Showing posts with label Sandra Cisneros. Show all posts
Showing posts with label Sandra Cisneros. Show all posts

Wednesday, February 8, 2023

Developing Your Literary Sense of Smell: Guest Blog by Nancy Lord

This is a guest blog by Nancy Lord, former Alaska State Writer Laureate and author of many books of fiction and nonfiction. Please see the end of the blog for her full bio.

 

Nancy Lord (photo: Stacy Studebaker)
Smell is the most fundamental of our senses, with a direct line to basic brain functions and the emotional memories associated with odors. Smell—or even just a memory of smell—triggers the release of oxytocin, associated with the ability to trust and form attachments. It’s a powerful and underused sense to include in our writing.

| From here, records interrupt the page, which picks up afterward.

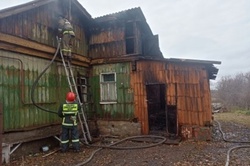 В Ржаксинском районе сгорел дом: погибли мальчик и женщина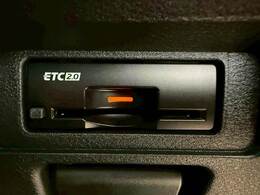 【ETC車載器】を装備しておりますので、ご納車直後からの遠距離ドライブも可能です。土日の利用料金の割引や、朝夕の通行料金を割引料金で高速道路をお楽しみいただけます。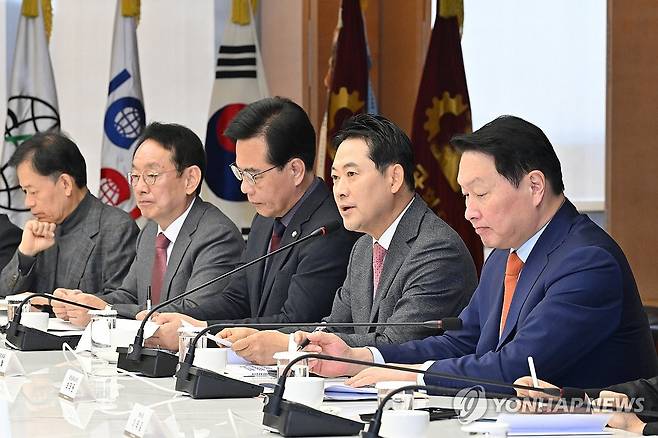 인사말하는 장동혁 대표 (서울=연합뉴스) 신준희 기자 = 국민의힘 장동혁 대표가 19일 서울 중구 대한상공회의소에서 열린 '국민의힘-대한상공회의소 정책간담회'에서 인사말을 하고 있다. 2025.11.19 [공동취재] hama@yna.co.kr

In “A Natural History of the Senses,” Diane Ackerman writes: “Smells detonate softly in our memory like poignant land mines, hidden under the weedy mass of many years and experiences. Hit a tripwire of smell, and memories explode all at once.”

 

I’m sure it’s the same for you, that certain smells take you right back to powerful childhood memories. It might be the smell of perfume your grandmother wore, coal smoke from your neighbor’s fire, or the wet fur of your beloved dog. For me, whenever I smell a freshwater lake I’m right back at Lake Winnipesaukee, New Hampshire, where my family spent two weeks every summer when I was small. An instant picture of the boathouse and dock presents itself, along with the sound of lapping water, and then a whole surround of memories and strong, positive emotions. The smell of burning leaves brings me to the taste of baked apples (cored, with raisins and brown sugar added) that we used to wrap in foil and cook in the piles of raked leaves we burned along the curbs in the street where I grew up. I “feel” such smells in waves of nostalgia and emotion, as physical effects.

 

Try looking at a page of your writing and mark each sensory detail—of any sense—but put a bold box around any description of smell…. See if you use any of the senses. Pay special attention to whether you involve one or more smells. Do you see more opportunities to include smell and other sensory details?

 

It’s been said that modern literature has been “deodorized,” especially in North American writing, just as we’ve eliminated or covered up so many natural odors in our modern lives. If you look at eighteenth and nineteenth century writings, you’ll find a lot more smells—especially of bodies, death, coal smoke, etc.

 

Each of us reacts differently to a smell, in life and on the page. The smell of a certain aftershave will mean one thing when it’s associated with a loving father and something else if associated with a child molester. In other words, you can’t count on a certain smell to create a common response in readers—although something like fresh bread smells are probably mouth-watering for all of us, and the smell of decayed flesh is probably stomach-turning.)

 

So, here’s what’s happening in our brains when we smell. Smell is the oldest sense evolutionarily. It goes all the way back to creatures living in the sea that responded to chemicals in the water, even before sight, hearing, or touch. That’s why it’s called a rudimentary sense. Our brains started with smell.  You can say that we think because we smell. Only smell has a direct line to our pre-cognitive brains.

 

My friend Jill McCabe Johnson has said it as well as anyone, in an essay in Brevity: “A writer’s references to the other senses help readers create an imagined facsimile, but with smell, readers just know. Not only can they experience an immediate, intimate understanding, but smell might actually help readers set aside their disbelief and bond with the characters, because smell—even the memory of smell—is believed to trigger oxytocin, and oxytocin has been associated with our ability to trust and form attachments.”

 

Oxytocin is known as the bonding hormone and is what allows human mothers (and other mother animals) to recognize the smell of their own babies, to tell them apart from other babies.

 

We’re more likely to remember details grounded in the senses than non-sensory details.  Another interesting fact: because we encounter most new odors in our youth, smells often call up childhood memories. But we actually begin making associations between smell and emotion before we’re even born. Infants who were exposed in the womb to alcohol, cigarette smoke, or garlic will show a preference for those smells. To them, smells that might upset other babies seem normal or even comforting.

 

Brain science helps answer one more question for us: Why is it so hard to describe smells? It’s easy to sense and recognize them, but to put them into words? This is because, while the smell and memory centers are closely connected, the physiological links between the brain’s smell and language centers are, in Diane Ackerman’s words, “pitifully weak.” She’s written, “When we see something we can describe it in gushing detail, in a cascade of images... But who can map the features of a smell?”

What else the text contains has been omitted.